Introduction: The Hypertension and Diabetes Program (HIPERDIA), established in 2001 by the Ministry of Health, organizes the assistance to people with Hypertension and Diabetes, chronic diseases in evidence in public health. Assistance begins in primary health care, the main gateway to the Unified Health System’s attention network, which has a fundamental role in the prevention and control of diseases, as well as health promotion with multidisciplinary and interdisciplinary care, considering individuals in its completeness. Objectives: To report on the experience of residents of the Integrated Multiprofessional Residency Program in Family Health, in the inclusion of health promotion activities in the HIPERDIA group in a Family Health Unit in the city of Recife-PE. Methodology: This is an experience report, with data collected from the field diaries of activities in the HIPERDIA group, from August to October 2017. The group operates weekly, with 15 to 25 members. Initiated with health education activity, with professionals. The methods used were talk wheels and group dynamics with themes related to health promotion. Results and Discussion: Health education activities contribute through the exchange of experiences, to individuals’ autonomy in the care of their own health, directed to the expanded concept of health, that goes beyond the control of the disease, expecting the improvement of the quality of life and well-being. Conclusion: The activities contributed to an improvement in the quality of life and prevention of the factors conditioning the complications of chronic diseases. Discussions and exchange of knowledge based on the promotion of oral health, mental health, healthy eating, the importance of self-care, among others, have been built that have contributed to increase the bond with other participants of the group and with professionals, building together a care that provides greater autonomy and well-being.
Introduction: The Diabetic foot is a neuropathy responsible for several alterations and complications, particularly in the lower limbs. The way diabetics behave and how well they know about diabetic foot care is of ultmost importance, considering prior knowledge precedes an effective preventive plan. Objective: This study aims to investigate the knowledge of diabetic pacients, who are users of the Basic Health Unit in the city of Olinda, on the diabetic foot. Methodology: This is an exploratory descriptive study of quantitative methods, with a sample of 50 diabetic patients from BHU users. After signing a Free and Informed Consent Form, a questionnaire was applied and the collected data was consolidated and presented in tables and graphs charts. Results and Discussion: In total, 42% of diabetics users of the BHU reported that they had not heard about diabetic foot, while 93% reported that they knew about the risks of foot amputation; about 88% affirmed to take care of their feet and the main precautions mentioned were: washing their feet (54 %), avoiding to walk barefoot (39 %) wipe the feet properly (32%), 81% didn´t know about risk factors and approximately 69 % reported that they received no professional guidance in the basic health unit regarding foot care. Conclusion: In light of the above, it is noticeable the importance of a greater knowledge of diabetics users on the neuropathic foot and the need for specific care. Therefore, the understanding is essential for prevention of complications, such as amputation of lower limbs, and for decreased morbimortality.

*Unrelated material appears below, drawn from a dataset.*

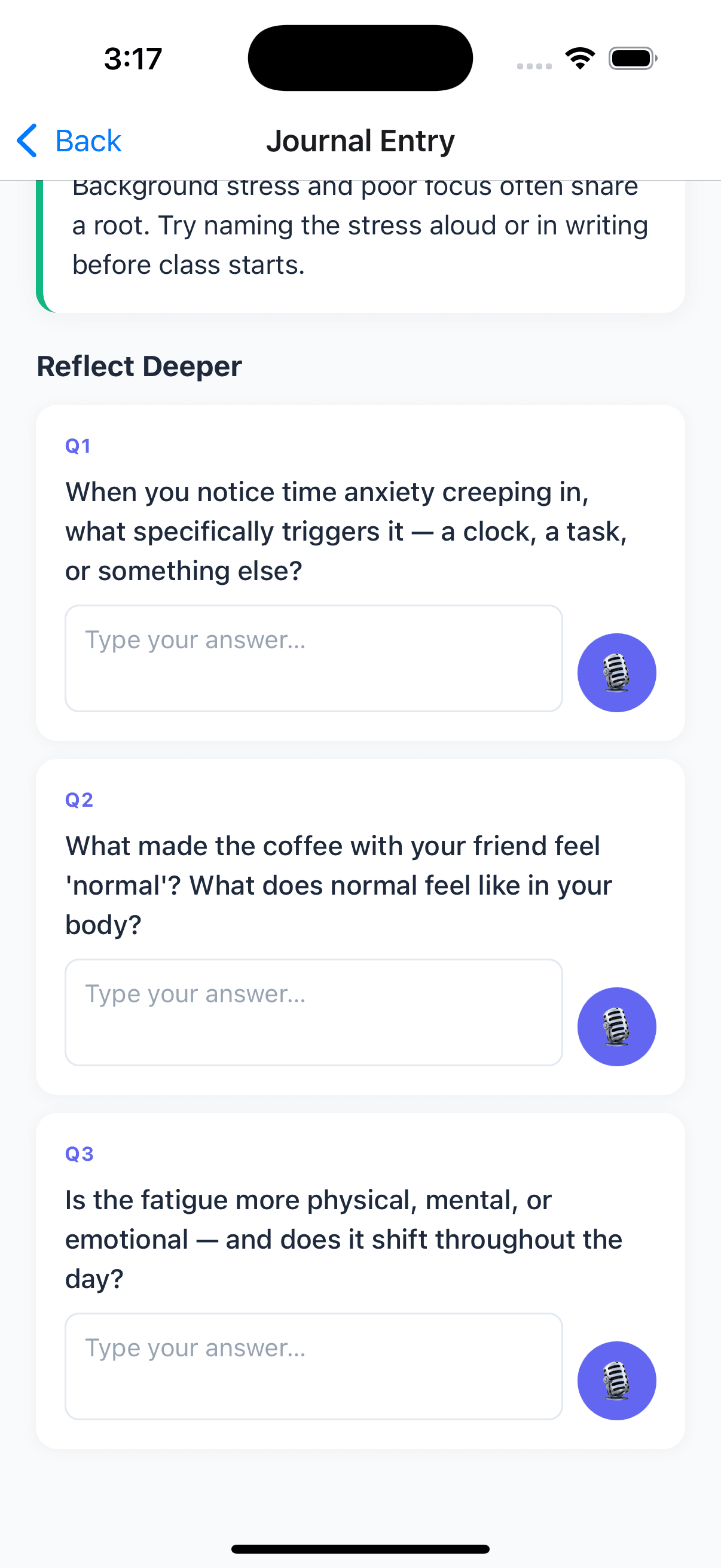 Voice Journal POC, screen 2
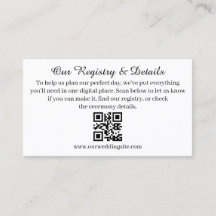 Registro de Casamento e RSVP com QR Code Moderno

Introduction: The number of Brazilians diagnosed with diabetes increased by 61.8% in the last 10 years, from 5.5% to 8.9% in 2016. The patient with diabetes has physical possibilities that reduce their immunological capacity, increasing the susceptibility of infections and, among these, countless mouthfuls. Objectives: Identify oral asbestos caused by diabetes and what the mechanisms of the body to occur and / or bypass them. Methodology: A bibliographic review was done in the virtual libraries SCIELO and PubMed, use the articles: Diabetes and Oral diseases. We used criteria for inclusion of published articles from 2013 to 2017, in the Portuguese and English languages, which relate to diabetes, dental and oral ebert. Results: The research resulted in 5,821 articles, of which 22 were separated by presenting a relation with the theme, but only four attendants to the inclusion criteria. Discussion: Diabetes is associated with loss of calcium by the body and may lead to alveolar bone decalcification. As major oral manifestations are known as glossodynia, erythema, xerostomia and taste disorders. Diabetes increases the acidity of the buccal medium, increases viscosity and reduces the flow of salivary, which are risk factors for caries. Periodontal disease, which results in a potent inflammatory response, is a common dental manifestation in poorly controlled diabetics. There are modifications of the microbiota in floating or adherent bacterial plaques at the base of the periodontal pocket, due to the high levels of glucose in the sulcular fluid. As infections lead to inflammation resulting in a stressful situation, which increases tissue resistance to insulin, making it difficult to control diabetes. It was then observed that periodontal therapy reduced the need for insulin administration by the diabetic. Conclusion: It is extremely necessary to know about a pathophysiology of diabetes to relate causes and effects and to adopt a more careful…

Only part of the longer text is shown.